An additional 9,000 individuals claiming they were sexually abused while in the Boy Scouts of America voted in favor of a $2.7 billion compensation plan, pushing support for it to nearly 86% of all ballots cast ahead of a bankruptcy-court trial next week, the Wall Street Journal reported. The additional votes among the roughly 82,200 individuals who have filed sexual-abuse claims against the youth group increase its chances of winning approval for the settlement from Judge Laurie Selber Silverstein of the U.S. Bankruptcy Court in Wilmington, Del., at a trial scheduled to begin today. The final tally released late Thursday puts the Boy Scouts over a self-imposed target of three-quarters support from abuse survivors. While bankruptcy law generally requires two thirds approval from creditors for a proposed deal, chapter 11 cases involving mass injury and tort liabilities typically have to garner greater support. The Boy Scouts have said that 75% approval from survivors would ease court approval, while anything less could make the bankruptcy plan more vulnerable to legal challenges from objectors. Read more. (Subscription required.) 

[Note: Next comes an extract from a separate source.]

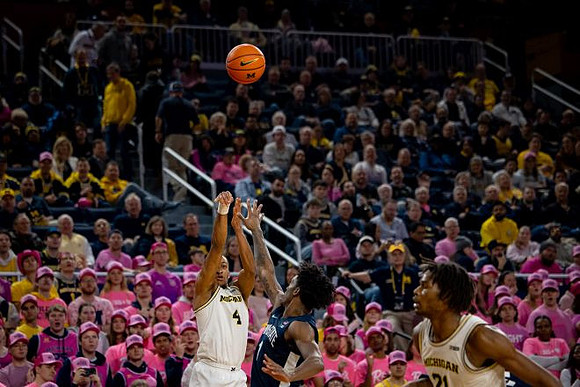 Nimari Burnett (4) and Morez Johnson Jr. (21)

In related news, the Boy Scouts of America’s plan for resolving 82,200 claims of childhood sexual abuse is being opposed by some insurance companies that worry some victims’ claims may not be worth as much as what the youth group says they are, the Wall Street Journal reported. Several liability insurers have said the Boy Scouts’ chapter 11 plan pegs the value of abuse claims at higher levels than what victims likely would get in state-court lawsuits or private negotiations, and that those estimates could be used by victims to extract more money from them. The Boy Scouts have said in court filings that the estimates of values of claims and the process established under its plan to award payouts mimic what victims would experience in the state-court system. Read more. (Subscription required.) 

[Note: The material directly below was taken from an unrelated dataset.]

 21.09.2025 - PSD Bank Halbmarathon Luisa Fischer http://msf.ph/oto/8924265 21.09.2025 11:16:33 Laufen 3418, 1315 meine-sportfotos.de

Opioid Victims Confront Purdue Pharma’s Sacklers in Bankruptcy Court

Submitted by jhartgen@abi.org on

Victims of the opioid epidemic confronted the Sackler family members who own Purdue Pharma LP for the first time in bankruptcy court as the OxyContin maker nears a possible exit from chapter 11 that requires $6 billion in settlement payments from its owners, WSJ Pro Bankruptcy reported. Addressing three members of the Sackler family who served on Purdue’s board, more than two dozen people shared stories Thursday in the U.S. Bankruptcy Court in White Plains, N.Y., of the disastrous effects physician-prescribed OxyContin, an addictive opioid, had on them, their children, siblings, spouses and parents. Dede Yoder said that her son, Chris, died in 2017 of an overdose at the age of 21 after spending most of her retirement savings on addiction treatment and rehab, which mostly wasn’t covered by health insurance. Doctors first prescribed her son OxyContin when he was 14 years old following two knee surgeries, Ms. Yoder said. Dr. Richard Sackler, Theresa Sackler and David Sackler appeared in the hearing remotely and didn’t respond to victims’ statements. They and other family members consented to hearing victims’ impact statements under a proposed settlement approved on Wednesday by the judge overseeing Purdue’s chapter 11 case. The bankruptcy deal, backed by state attorneys general, would end civil litigation accusing the Sacklers of helping fuel the opioid epidemic and taking improper dividends from Purdue, allegations the family denies.